GNSS heights disagree with a published model by a constant offset
Different geoid products are referenced to different tide systems — mean-tide, zero-tide, or tide-free — and the permanent-tide correction can reach a few centimetres, latitude-dependent. Mixing a tide-free model with mean-tide ellipsoidal heights injects a systematic bias. Record the tide system alongside the model name and reduce both quantities to the same system before differencing.

Frequently Asked Questions

Why not just let pyproj apply the vertical transformation?
For a supported CRS pair, PROJ does exactly this and you should use it in production. Implementing the grid read and bilinear blend yourself is what lets you audit the interpolation, attach a defensible uncertainty, and handle models PROJ has no operation for — the same reason cadastral pipelines sometimes read grids directly rather than through the transformer API.
Is bilinear interpolation accurate enough for survey-grade heights?
For one-arc-minute or finer geoid models the geoid is smooth relative to the node spacing, so bilinear interpolation holds well within a centimetre and matches how PROJ samples the same grids. Coarse or highly variable gravimetric geoids can justify a bicubic kernel, but bilinear is the interoperable baseline agencies expect.
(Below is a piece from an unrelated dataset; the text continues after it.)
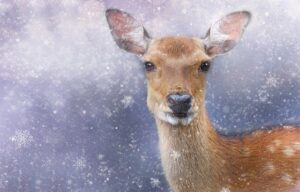 snowy deer scene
What is the difference between geoid undulation and height anomaly?
The undulation N pairs with orthometric height on the geoid; the height anomaly ζ pairs with normal height on the quasi-geoid. Regular geoid grids store N, quasi-geoid grids store ζ. The interpolation is identical, but the vertical datum you claim must match the quantity the grid was built to deliver.